Figure 9-1 PaperGray font
Forms that are designed with this font allow segregation of handwritten characters without the use of lines, which can interfere with captured text. This font allows, through use of the image enhance despeckle function, the ability to remove the boxes easily and effectively with minimal impact to the written characters. Although the use of lines enforces character separation, the line removal process, in some situations, can affect the written characters that we are attempting to capture.
Figure 9-2 shows an example of a form that uses the PaperGray font for constrained text boxes. Notice how the boxes have been removed with minimal impact to the text.
Figure 9-2 PaperGray constrained text boxes
Barcodes
Use dimensional (1D) and two dimensional (2D) barcodes where possible. These barcodes aid in identifying a document. They can also carry a large amount of data and, in some situations, all the data you need from the form.

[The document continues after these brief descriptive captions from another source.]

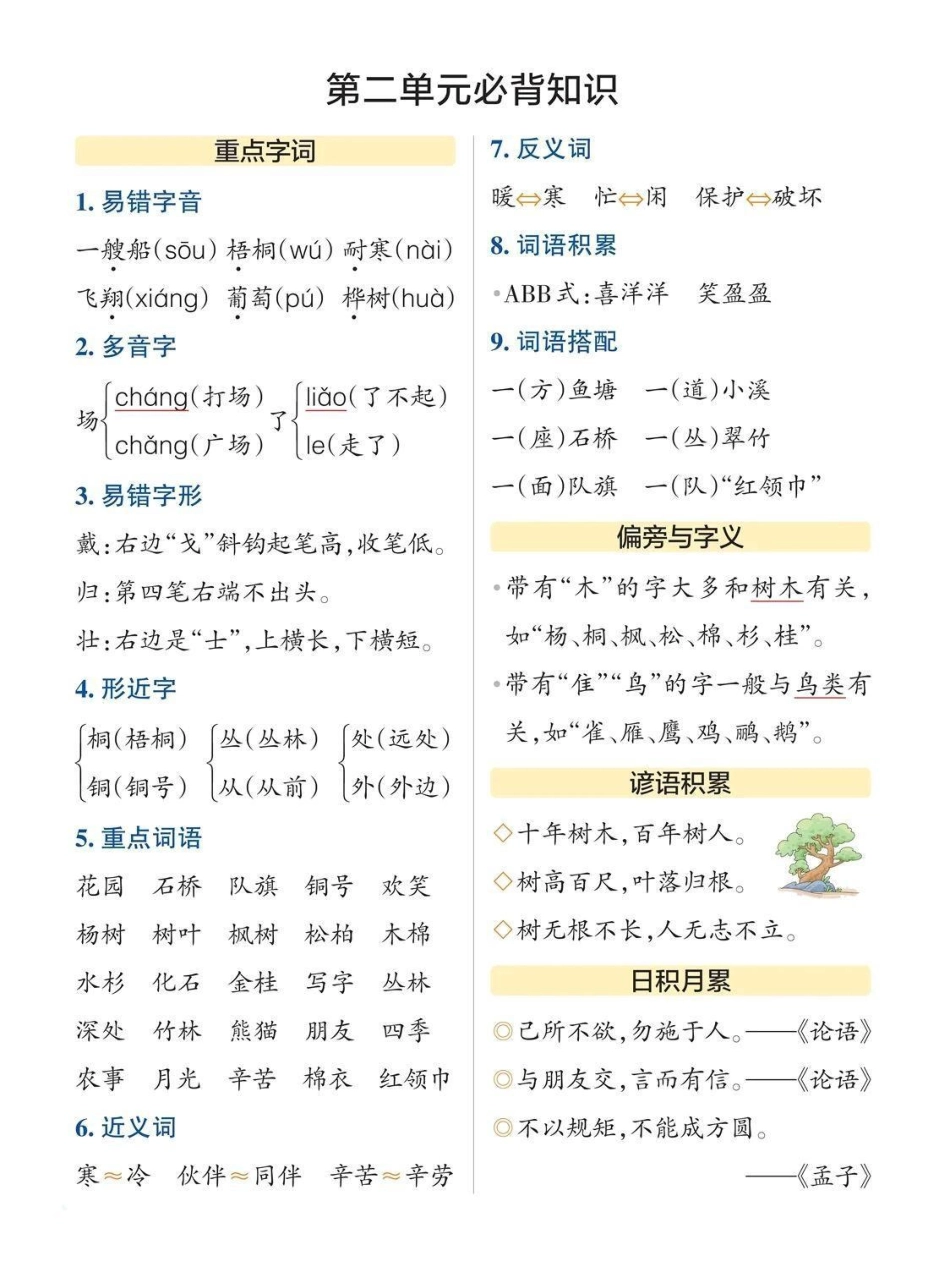 二年级上册语文必背知识点小学语文 知识点总结.pdf_第2页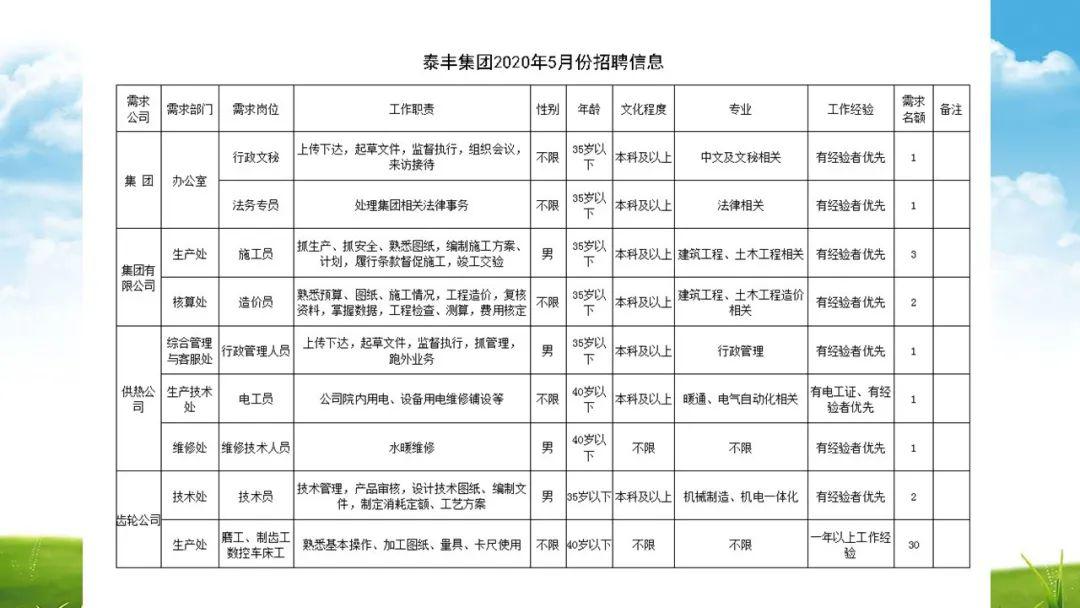 163招聘吧_上海市企业招聘,最新岗位信息(2)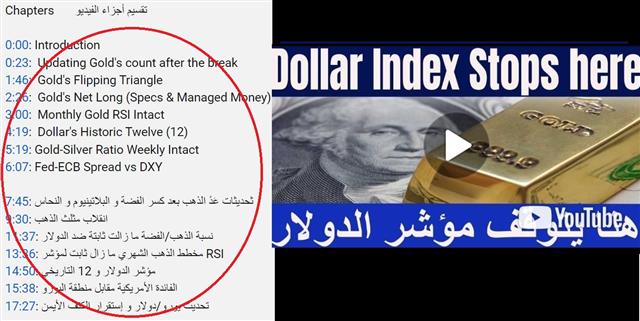 USD Fails 12th Week الدولار يفشل أمام 12 التاريخي - Youtube Cov Usd Gold Chapters (Chart 1)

Ideally barcodes must be printed or attached so that they are square with the page. Barcodes that are attached at extreme angles can be difficult to capture.
Colors
Use of color helps to create appealing looking forms. However, the colors must be of a specific range that scanners can drop out (that is, removal of the constrained text box lines that we need).
Most color scanners have a drop-out color that you can specify, which is red or green. These scanners can perform almost the same output as the PaperGray font after despeckling.
Some scanners can produce two images simultaneously. One image is a color image that you can use for export. The other image is a bi-tonal (black and white) TIFF image, with the color removed that we can use for processing.
Always test the color that you want to use before you print large quantities of forms to ensure successful drop out.
Use of colored paper for forms can also affect scanning quality.
Fonts
Ideally use a 10–14 sized font to capture data. Smaller or larger fonts can start to cause issues with the Optical Character Recognition (OCR) engines.
Resolution
The resolution a form that is scanned in can determine the quality of the OCR, Intelligent Character Recognition (ICR), or Optical Mark Recognition (OMR) results. A low-resolution image can make some characters illegible to the OCR, ICR, and OMR engines and cause low confidence or incorrect reads. A higher resolution, although better quality, can pick up additional marks on the form, increasing the number of incorrect reads. This resolution also increases the size of the image that is being stored.
Determine the resolution on a case-by-case basis. However, a general rule is to use 200–300 dpi. Always use at least 300 dpi for OCR/A.
Layout
Use of constrained text boxes for handwritten recognition is important in establishing good results. The text boxes help to define the area where text will reside, the number of characters expected, and potentially the type of character, that is numeric or alphabetic. It also defines the size of characters that is required. These text boxes must be of adequate size so that the person who is completing the form can write legibly. Use the PaperGray font to create constrained boxes (see “PaperGray font” on page 290).
Try to get the person who is completing the form to use black ink and to write in clear, well-formed uppercase characters were possible. Therefore, include instructions in a noticeable area of the form that advise the person completing the form to follow these guidelines. These guidelines can assist in improving the accuracy of the ICR engine.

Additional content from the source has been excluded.